'Abenomics' era ends as premier calls it a day
I apologise from the bottom of my heart that despite all of the support from the Japanese people, I am leaving, said Abe Shinzo
Japan's Abe Shinzo said on Friday he was resigning because of poor health, ending a tenure as the country's longest-serving prime minister in which he sought to revive an economy stricken by deflation and push for a stronger military.
His abrupt departure triggers a leadership battle in his Liberal Democratic Party over the next few weeks. The winner will likely stick to Abe's reflationary “Abenomics” policies that had mixed results in resuscitating the world's third-largest economy.
Abe has ulcerative colitis, and two recent hospital visits within a week had raised questions about whether he could stay on until his term ends in September next year.
Despite the deepening concerns about his health, news of Abe's resignation sent tremors through Tokyo financial markets.
Japan's main stock market, which has more than doubled under him, fell about 2% before recovering, while the yen rose on concerns of a return to deflation.
“I cannot continue being prime minister if I do not have the confidence that I can carry out the job entrusted to me by the people,” Abe told a news conference.
He said he wanted to avoid a political vacuum as Japan copes with the pandemic. It was the second time Abe has resigned as prime minister because of poor health, the first more than a decade ago.
“I apologise from the bottom of my heart that despite all of the support from the Japanese people, I am leaving the post with one full year left in my term,” he said.
Apart from inheriting an economy in the throes of its worst downturn since World War 2, Abe's successor will be left to try and ensure that next year's Olympics — already delayed for a year — will go ahead.
Former defence minister Shigeru Ishiba and former foreign minister Fumio Kishida quickly expressed interest in the top job, media reported. Among others whose names have been floated is Abe's close aide, chief cabinet secretary Yoshihide Suga.
“The broad picture remains intact. In terms of economic and fiscal policy, the focus remains very much on reflation,” said Jesper Koll, senior adviser to asset manager WisdomTree Investments.
The resignation comes just days after Abe surpassed a record for longest consecutive tenure as premier set by his great-uncle Eisaku Sato half a century ago.
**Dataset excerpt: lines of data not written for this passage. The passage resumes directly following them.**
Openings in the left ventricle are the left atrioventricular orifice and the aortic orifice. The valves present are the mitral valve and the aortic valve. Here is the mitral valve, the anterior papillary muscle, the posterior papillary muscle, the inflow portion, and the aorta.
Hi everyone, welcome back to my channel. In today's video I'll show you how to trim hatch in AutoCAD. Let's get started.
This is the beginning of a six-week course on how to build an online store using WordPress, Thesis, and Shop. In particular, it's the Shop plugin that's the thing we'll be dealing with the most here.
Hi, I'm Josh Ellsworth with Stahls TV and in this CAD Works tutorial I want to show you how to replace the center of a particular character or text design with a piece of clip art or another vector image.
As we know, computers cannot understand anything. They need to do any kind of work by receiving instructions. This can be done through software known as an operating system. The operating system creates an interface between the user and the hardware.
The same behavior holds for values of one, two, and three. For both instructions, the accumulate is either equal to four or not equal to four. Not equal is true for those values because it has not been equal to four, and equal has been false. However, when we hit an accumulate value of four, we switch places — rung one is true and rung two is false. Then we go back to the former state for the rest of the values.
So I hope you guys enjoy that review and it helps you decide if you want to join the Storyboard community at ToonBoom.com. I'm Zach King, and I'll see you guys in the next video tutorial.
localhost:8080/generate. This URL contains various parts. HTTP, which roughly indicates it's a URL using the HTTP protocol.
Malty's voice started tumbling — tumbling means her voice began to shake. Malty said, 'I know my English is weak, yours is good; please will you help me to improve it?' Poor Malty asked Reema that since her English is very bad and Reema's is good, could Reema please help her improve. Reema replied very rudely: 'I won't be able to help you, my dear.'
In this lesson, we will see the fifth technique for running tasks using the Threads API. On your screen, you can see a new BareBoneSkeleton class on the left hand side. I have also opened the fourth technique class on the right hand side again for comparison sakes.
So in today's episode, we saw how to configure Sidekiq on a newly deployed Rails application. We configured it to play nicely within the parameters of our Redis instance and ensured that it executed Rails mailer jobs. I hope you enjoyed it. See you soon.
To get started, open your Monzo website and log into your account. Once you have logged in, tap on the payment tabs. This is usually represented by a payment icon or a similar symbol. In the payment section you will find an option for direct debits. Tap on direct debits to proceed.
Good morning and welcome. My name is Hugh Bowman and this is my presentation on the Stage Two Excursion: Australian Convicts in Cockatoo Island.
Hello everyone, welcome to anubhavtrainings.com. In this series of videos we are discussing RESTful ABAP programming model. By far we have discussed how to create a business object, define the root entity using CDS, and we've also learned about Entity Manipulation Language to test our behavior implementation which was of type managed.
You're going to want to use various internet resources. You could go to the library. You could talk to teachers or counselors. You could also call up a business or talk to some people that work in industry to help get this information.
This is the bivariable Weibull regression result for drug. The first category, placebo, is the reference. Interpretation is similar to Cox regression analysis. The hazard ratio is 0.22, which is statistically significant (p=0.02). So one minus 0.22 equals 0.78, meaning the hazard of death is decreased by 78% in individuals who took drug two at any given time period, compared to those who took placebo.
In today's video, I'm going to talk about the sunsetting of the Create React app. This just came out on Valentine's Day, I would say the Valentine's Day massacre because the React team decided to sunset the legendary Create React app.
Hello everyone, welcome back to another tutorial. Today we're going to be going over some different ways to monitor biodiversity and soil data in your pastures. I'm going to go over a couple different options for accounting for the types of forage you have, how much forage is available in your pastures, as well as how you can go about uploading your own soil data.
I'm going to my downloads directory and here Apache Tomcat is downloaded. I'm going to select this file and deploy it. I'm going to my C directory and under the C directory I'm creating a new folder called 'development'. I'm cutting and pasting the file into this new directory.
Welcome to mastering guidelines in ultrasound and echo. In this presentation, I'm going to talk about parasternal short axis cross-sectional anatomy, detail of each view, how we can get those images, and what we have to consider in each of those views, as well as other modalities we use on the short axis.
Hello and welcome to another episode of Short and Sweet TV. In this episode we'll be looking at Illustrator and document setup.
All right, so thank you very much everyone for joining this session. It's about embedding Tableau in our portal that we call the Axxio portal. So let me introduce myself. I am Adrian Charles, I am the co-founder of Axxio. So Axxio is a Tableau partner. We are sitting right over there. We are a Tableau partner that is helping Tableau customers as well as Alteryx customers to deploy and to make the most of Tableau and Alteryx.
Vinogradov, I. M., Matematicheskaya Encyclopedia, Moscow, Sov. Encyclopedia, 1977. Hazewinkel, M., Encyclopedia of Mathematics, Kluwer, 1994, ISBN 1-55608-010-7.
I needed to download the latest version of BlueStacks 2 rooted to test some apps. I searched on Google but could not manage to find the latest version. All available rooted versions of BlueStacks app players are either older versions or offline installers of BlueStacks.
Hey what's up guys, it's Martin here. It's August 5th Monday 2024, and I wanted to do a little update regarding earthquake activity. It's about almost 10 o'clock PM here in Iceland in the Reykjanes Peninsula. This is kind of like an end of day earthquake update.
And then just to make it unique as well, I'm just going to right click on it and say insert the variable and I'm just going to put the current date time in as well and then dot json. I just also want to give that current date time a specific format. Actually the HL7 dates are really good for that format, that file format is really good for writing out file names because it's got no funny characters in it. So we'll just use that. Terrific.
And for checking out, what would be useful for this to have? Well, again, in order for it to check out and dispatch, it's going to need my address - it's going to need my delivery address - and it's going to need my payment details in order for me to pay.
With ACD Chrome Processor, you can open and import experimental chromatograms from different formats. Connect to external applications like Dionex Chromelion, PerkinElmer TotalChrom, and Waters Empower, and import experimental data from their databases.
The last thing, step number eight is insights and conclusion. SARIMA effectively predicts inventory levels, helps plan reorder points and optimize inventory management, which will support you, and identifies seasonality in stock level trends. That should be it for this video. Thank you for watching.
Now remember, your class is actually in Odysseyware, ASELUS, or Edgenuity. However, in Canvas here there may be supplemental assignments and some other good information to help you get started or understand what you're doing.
But for all his longevity, Abe failed to deliver on one of his most prized goals — altering Japan's postwar, pacifist constitution. He also fell short of a full revival of the economy, even before the pandemic.
“As head of the ruling party he worked hard on Abenomics for eight years,” said Naohito Kojima, a brokerage employee.
“There were various problems, but if someone else had been leader, it's questionable whether they could have maintained a stable government as long as Mr Abe.”
Abe won praise for reasserting Japan's presence on the global stage. His resignation comes amid an uncertain geopolitical environment, including an intensifying confrontation between the US and China.
The conservative Abe returned as prime minister for a rare second term in December 2012, pledging to revive growth with his “Abenomics” mix of hyper-easy monetary policy, government spending and reforms. He also pledged to beef up Japan's defence and revise the constitution.
Abe was instrumental in winning the Tokyo 2020 Olympics. “We must fulfil our responsibility as the host country of the Olympics,” Abe told the news conference. “Of course, I believe my successor will work to host the Olympics under the same belief.”
Under fire for his handling of the pandemic and scandals among party members, Abe has recently seen his support fall to one of the lowest levels since he took power.
Abe kept his promises to boost spending on the military after years of declines, and to expand its capacity to project power abroad. In 2014, his government reinterpreted the constitution to allow Japanese troops to fight abroad for the first time since World War 2. A year later, Japan adopted laws scrapping a ban on exercising the right to defend a friendly country under attack.